As you can see, wide_df has a column of :IDS which represents IDs and Subjects separated by an underline (_), e.g. ID001_S002 is ID 1 and Subject 2. Also, we have 4 columns which should be in a more tidy format:

Note

We cover pivoting data in Reshaping DataFrames in our Data Wrangling in Julia tutorials. Don’t forget to check it out.

Don’t worry about those columns, AoG.jl can handle them just fine. Speaking of AoG.jl, let’s load it with CairoMakie.jl as backend

using CairoMakie
using AlgebraOfGraphics

1 🌌 The dims() arguments inside mapping() function

AoG.jl deals with wide data by passing the dims() function to keyword arguments inside the mapping() function. Inside the dims() you input an integer which represents which mapping()’s positional argument you’ll want to pivot. For example, dims(1) will pivot the first position argument inside mapping().

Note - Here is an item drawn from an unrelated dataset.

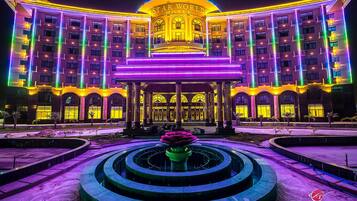 Façade de l’hébergement - soirée/nuit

Let’s showcase dims() usage. As a start, we’ll create labels to hold our not so tidy columns:

labels = ["0.0", "30 min", "1 hrs", "2 hrs", "4 hrs"]
5-element Vector{String}:
 "0.0"
 "30 min"
 "1 hrs"
 "2 hrs"
 "4 hrs"

We’ll pass a range of columns 2:6 which represents all the columns between the 2nd column (0.0) and the 6th column (4 hrs) as the first positional argument inside mapping().

Tip

Note that we need to vectorize the => operator since we are inputting a range/vector of columns. Thus we use the .=> vectorized pair syntax inside mapping().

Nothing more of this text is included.